Dagegen dürften die Frontgeometrie und insbesondere die weit verbreiteten, steifen Frontpartien eine hohe Relevanz für schwere Verletzungen bei Kollisionen von E-Trottinett-Fahrenden haben.
Hinweise
Innerhalb einer Fahrzeugkategorie (z. B. Lieferwagen, SUV oder Personenwagen) gibt es zum Teil erhebliche Unterschiede in der Konstruktion, einschliesslich des toten Winkels, der Frontgeometrie und der Frontsteifigkeit. Verallgemeinernde Aussagen zur Gefährlichkeit einzelner Fahrzeugklassen sind daher mit Vorsicht zu interpretieren.
Zu beachten ist, dass es in der offiziellen Verkehrsunfallstatistik bei E-Trottinett-Unfällen eine hohe Dunkelziffer gibt, insbesondere bei Unfällen mit leichten Verletzungsfolgen. Dies erschwert verallgemeinerbare Aussagen auf Grundlage dieser Statistik.
Quellen
[1] Petraki V, Yannis G, Crist P, Deliali K. Safer micromobility: Technical background report. Paris: International Transport Forum ITF; 2024.
[2] Kumar S, Lee P, Zagales R et al. A comprehensive review of current trends in e-scooter associated injuries, associated outcomes, and effective interventions: Towards establishing sustainable prevention interventions.
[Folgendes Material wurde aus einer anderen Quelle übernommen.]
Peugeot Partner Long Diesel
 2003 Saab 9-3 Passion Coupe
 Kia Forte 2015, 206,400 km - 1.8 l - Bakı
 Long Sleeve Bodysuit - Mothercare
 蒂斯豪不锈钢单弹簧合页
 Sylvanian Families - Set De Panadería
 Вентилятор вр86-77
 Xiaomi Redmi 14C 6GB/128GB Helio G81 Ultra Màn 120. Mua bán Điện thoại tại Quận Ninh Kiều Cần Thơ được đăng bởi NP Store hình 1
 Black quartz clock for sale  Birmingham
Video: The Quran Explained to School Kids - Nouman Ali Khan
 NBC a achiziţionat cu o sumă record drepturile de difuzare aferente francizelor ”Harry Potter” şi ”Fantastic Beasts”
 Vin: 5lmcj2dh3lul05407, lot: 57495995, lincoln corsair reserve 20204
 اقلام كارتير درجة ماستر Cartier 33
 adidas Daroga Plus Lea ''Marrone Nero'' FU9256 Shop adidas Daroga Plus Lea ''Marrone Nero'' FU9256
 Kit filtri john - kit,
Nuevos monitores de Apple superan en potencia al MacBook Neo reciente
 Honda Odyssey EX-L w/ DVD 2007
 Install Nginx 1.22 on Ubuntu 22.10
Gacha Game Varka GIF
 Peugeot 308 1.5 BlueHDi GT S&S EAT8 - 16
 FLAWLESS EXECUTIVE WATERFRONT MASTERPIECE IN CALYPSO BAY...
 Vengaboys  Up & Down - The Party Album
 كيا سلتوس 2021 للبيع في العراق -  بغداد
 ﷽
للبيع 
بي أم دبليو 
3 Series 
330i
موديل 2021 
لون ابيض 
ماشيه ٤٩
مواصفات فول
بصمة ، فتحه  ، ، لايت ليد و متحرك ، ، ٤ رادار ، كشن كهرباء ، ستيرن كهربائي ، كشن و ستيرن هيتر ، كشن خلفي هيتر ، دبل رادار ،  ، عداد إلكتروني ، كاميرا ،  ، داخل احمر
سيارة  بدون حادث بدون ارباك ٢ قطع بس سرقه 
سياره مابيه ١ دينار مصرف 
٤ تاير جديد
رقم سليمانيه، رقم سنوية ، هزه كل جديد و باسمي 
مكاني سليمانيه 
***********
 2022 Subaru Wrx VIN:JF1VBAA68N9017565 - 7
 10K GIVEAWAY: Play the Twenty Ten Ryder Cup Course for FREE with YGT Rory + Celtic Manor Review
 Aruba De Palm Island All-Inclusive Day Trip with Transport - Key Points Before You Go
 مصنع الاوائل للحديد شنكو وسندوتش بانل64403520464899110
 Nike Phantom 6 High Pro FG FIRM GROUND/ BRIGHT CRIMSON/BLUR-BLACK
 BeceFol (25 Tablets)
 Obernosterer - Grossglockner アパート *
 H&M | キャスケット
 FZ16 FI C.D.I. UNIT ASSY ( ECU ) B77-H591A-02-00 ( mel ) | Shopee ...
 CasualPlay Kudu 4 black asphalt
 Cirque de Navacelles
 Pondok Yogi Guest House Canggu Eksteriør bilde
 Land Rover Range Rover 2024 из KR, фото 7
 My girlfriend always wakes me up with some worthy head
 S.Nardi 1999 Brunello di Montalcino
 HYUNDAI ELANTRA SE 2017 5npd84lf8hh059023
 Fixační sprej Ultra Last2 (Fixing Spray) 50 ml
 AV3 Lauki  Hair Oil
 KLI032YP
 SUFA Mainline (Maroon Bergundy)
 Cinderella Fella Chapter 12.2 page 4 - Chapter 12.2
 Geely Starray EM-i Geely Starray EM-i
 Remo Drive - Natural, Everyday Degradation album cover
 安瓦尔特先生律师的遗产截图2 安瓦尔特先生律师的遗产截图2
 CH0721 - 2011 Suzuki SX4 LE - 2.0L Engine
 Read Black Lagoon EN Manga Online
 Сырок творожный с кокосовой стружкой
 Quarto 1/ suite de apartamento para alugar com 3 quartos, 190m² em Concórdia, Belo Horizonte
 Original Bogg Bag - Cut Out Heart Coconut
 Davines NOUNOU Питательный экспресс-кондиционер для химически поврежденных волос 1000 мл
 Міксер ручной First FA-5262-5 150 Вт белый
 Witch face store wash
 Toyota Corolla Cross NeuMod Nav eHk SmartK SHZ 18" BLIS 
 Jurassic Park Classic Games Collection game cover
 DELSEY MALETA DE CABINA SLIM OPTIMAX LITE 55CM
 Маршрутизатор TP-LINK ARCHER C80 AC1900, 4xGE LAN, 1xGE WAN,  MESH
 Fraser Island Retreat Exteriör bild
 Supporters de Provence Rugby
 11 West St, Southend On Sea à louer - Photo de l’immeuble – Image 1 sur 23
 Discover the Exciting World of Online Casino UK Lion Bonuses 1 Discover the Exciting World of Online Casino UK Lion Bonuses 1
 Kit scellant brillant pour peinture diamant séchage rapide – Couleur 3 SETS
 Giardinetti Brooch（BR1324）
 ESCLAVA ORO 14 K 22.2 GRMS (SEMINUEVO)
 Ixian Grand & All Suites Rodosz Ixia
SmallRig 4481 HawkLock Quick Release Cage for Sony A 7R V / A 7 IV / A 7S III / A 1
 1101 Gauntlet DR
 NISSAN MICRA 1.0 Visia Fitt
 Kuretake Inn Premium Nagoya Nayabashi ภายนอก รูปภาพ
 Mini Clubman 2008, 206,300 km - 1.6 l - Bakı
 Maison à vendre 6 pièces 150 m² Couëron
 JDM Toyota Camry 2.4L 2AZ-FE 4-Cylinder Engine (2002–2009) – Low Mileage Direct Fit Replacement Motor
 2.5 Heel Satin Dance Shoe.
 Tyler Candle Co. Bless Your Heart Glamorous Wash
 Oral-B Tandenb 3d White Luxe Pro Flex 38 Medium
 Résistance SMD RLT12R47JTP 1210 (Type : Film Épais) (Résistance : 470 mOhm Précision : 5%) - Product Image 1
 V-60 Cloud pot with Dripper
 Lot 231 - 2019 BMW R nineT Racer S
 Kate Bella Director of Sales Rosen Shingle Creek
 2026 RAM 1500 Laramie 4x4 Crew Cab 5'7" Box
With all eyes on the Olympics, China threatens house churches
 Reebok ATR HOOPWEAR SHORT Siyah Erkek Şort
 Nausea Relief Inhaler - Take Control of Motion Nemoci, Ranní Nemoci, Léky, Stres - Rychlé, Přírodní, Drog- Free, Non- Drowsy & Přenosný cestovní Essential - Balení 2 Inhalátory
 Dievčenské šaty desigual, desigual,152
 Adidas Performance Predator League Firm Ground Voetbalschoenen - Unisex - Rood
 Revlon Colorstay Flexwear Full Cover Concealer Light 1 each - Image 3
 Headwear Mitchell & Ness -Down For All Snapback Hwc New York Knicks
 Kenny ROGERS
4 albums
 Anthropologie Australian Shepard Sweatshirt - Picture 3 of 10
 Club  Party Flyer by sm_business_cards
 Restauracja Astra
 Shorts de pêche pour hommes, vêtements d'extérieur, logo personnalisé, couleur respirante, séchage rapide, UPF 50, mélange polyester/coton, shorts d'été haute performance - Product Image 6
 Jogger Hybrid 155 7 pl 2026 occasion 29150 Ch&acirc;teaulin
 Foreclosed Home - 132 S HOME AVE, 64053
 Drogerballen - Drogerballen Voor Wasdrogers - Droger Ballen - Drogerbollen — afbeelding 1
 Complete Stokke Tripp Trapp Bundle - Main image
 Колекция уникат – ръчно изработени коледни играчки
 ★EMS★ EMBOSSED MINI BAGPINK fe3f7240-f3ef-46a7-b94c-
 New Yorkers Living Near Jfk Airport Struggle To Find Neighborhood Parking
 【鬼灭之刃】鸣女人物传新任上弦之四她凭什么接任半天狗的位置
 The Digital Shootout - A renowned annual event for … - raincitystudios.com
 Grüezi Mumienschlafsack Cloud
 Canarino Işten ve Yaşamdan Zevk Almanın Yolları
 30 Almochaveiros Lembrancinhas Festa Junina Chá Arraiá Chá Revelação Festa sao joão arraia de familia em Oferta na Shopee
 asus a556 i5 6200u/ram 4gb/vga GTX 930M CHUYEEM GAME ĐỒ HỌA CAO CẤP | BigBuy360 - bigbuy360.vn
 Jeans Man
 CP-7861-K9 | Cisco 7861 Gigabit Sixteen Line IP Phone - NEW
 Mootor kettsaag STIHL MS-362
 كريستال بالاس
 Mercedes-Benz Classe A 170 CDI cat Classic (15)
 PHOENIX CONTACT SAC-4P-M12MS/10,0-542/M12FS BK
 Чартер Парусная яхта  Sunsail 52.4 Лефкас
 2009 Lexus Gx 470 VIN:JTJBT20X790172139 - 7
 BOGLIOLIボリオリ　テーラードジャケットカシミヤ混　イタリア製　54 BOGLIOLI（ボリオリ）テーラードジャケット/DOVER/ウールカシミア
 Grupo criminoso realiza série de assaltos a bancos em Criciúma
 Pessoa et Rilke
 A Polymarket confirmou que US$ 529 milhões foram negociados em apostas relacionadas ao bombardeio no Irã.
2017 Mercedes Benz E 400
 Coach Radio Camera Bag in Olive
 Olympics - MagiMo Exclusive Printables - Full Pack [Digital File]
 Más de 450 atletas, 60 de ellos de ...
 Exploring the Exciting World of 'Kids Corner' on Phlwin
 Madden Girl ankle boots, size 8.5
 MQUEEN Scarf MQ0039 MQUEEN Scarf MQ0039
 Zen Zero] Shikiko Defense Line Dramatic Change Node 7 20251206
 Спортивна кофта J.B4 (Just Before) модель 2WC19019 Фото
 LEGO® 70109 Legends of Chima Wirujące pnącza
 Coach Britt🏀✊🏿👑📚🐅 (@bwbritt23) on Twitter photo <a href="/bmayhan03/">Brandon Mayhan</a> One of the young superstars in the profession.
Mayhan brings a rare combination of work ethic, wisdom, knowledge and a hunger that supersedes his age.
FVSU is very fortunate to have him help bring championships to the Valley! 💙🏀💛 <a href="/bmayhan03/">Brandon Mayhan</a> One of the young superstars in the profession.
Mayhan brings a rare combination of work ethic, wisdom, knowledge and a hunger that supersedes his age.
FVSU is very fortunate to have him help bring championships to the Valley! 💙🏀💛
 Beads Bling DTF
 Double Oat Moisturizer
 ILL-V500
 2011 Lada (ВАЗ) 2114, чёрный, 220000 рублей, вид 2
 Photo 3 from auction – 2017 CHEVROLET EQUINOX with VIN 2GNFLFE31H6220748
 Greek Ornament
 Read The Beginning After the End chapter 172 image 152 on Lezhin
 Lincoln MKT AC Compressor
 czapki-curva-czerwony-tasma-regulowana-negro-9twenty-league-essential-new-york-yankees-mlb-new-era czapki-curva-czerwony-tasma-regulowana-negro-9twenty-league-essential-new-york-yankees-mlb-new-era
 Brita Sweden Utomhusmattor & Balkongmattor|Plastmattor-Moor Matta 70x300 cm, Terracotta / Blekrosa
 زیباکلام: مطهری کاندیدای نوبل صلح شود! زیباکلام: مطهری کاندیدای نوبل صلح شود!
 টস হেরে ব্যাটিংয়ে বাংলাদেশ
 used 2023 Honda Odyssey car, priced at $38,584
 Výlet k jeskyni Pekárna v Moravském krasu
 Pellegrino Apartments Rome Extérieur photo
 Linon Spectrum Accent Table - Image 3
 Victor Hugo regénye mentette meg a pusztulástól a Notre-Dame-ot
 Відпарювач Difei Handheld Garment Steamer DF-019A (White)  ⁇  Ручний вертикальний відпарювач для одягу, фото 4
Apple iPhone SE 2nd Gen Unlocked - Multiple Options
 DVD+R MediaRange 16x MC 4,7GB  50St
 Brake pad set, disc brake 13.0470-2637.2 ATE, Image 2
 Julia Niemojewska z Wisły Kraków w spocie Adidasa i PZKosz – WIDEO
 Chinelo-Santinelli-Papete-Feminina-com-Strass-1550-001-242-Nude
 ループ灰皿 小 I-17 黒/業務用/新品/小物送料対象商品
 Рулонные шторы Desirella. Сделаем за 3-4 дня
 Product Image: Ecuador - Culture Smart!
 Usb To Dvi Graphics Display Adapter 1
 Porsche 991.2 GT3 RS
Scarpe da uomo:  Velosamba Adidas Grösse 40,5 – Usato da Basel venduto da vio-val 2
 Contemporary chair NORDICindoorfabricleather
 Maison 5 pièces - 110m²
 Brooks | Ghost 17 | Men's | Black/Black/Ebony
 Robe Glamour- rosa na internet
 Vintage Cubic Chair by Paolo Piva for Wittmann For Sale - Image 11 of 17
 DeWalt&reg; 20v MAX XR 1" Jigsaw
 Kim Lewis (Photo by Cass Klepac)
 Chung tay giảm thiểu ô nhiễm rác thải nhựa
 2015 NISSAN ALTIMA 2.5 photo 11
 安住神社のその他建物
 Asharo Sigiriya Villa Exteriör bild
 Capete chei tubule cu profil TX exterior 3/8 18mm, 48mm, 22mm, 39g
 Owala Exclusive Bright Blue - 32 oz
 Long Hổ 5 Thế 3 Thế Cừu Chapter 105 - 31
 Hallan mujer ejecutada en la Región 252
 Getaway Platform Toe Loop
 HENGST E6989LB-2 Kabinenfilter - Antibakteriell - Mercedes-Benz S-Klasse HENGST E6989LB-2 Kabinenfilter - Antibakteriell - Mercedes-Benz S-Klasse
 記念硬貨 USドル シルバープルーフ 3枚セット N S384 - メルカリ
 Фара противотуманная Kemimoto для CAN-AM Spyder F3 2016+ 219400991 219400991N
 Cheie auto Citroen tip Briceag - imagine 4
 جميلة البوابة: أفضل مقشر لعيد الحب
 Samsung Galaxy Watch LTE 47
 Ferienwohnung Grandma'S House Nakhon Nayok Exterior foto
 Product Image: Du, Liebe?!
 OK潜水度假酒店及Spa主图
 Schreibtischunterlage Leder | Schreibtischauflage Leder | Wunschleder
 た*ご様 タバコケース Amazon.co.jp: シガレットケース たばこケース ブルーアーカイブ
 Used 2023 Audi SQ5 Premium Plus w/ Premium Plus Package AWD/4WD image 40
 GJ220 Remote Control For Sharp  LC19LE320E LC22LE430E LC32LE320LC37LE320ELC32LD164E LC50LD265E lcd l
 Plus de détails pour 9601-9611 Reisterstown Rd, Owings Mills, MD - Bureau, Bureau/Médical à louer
Injury. 2024; 55(12): 111967. DOI:10.1016/j.injury.2024.111967.
[3] Sexton EGP, Harmon KJ, Sanders RL et al. Shared e-scooter rider safety behaviour and injury outcomes: a review of studies in the United States. Transport Reviews. 2023; 43(6): 1263–1285. DOI:10.1080/01441647.2023.2219838.
[4] Karpinski E, Bayles E, Daigle L, Mantine D. Characteristics of early shared e-scooter fatalities in the United States 2018–2020. Safety Science. 2022; 153(6): 105811. DOI:10.1016/j.ssci.2022.105811.
[5] Walter E, Achermann Stürmer Y, Scaramuzza G et al. Fahrradverkehr. Bern: BFU, Beratungsstelle für Unfallverhütung; 2012. Sicherheitsdossier Nr. 08.
[6] Bundesamt für Statistik BFS. Neue Inverkehrsetzungen von Strassenfahrzeugen nach Fahrzeuggruppe und Fahrzeugart; 2024. https://www.bfs.admin.ch/bfs/de/home/statistiken/mobilitaet-verkehr/verkehrsinfrastruktur-fahrzeuge/fahrzeuge/strassen-neu-inverkehrsetzungen.assetdetail.30148868.html. 22.11.2024.
[7] Pokorny P, Pitera K. Truck-bicycle safety: an overview of methods of study, risk factors and research needs. Eur. Transp. Res. Rev. 2019; 11(1). DOI:10.1186/s12544-019-0371-7.
[8] Bahrololoom S, Young W, Logan D. Modelling injury severity of bicyclists in bicycle-car crashes at intersections. Accid Anal Prev. 2020; 144: 105597. DOI:10.1016/j.aap.2020.105597.
[9] Monfort SS, Mueller BC. Bicyclist crashes with cars and SUVs: Injury severity and risk factors. Traffic Inj Prev. 2023; 24(7): 645–651. DOI:10.1080/15389588.2023.2219795.
[10] Robartes E, Chen TD. The effect of crash characteristics on cyclist injuries: An analysis of Virginia automobile-bicycle crash data. Accid Anal Prev. 2017; 104: 165–173.